Der Hamburger Senat hat seinen Klimaplan-Zwischenbericht vorgestellt – präsentiert von Bürgermeister Peter Tschentscher und Umweltsenatorin Katharina Fegebank. Die Botschaft klang groß: Hamburg sei „auf Kurs“ und könne die Klimaneutralität sogar schon 2040 erreichen.
Doch kaum schaut man genauer hin, fällt dieses Bild in sich zusammen. Der Senat räumt selbst ein, dass zentrale Ziele – vor allem im Verkehrsbereich – klar verfehlt werden.
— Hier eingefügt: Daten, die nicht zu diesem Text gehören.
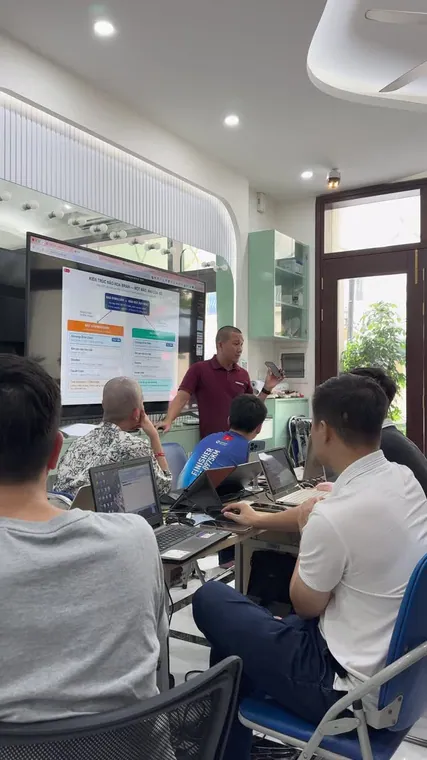 Anh em Doanh Nghiệp Bắc Nam về Thúy Tô Studio học AI — học xong ngồi lại ăn cùng nhau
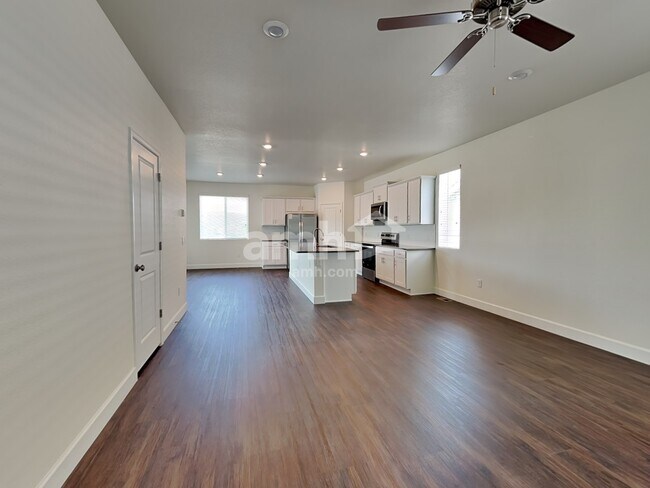 Foto del edificio - 8264 Joyce St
Bei anderen Maßnahmen verweist er auf Abhängigkeiten vom Bund und von der EU. Übersetzt heißt das: große Versprechen, aber wenig eigene Steuerung und kaum Umsetzung.
Zu diesem Widerspruch habe ich dem Norddeutscher Rundfunk ein Statement gegeben.
Klimaziele gerissen – schon 2045 kaum erreichbar
Der Senat redet von Fortschritt, doch die Zahlen zeigen das Gegenteil. Ein Beispiel reicht: die Wärmepumpen.
Seit 2020 wurden in Hamburg nur rund 6.000 Wärmepumpen gefördert. Laut Klimaplan müssten es bis 2030 etwa 63.000 sein, um überhaupt das Ziel 2045 zu schaffen. Selbst die vom Senat genannten 10.000 pro Jahr reichen rechnerisch nicht aus. Das bedeutet: Die 2045-Ziele werden schon heute verfehlt – von 2040 ganz zu schweigen.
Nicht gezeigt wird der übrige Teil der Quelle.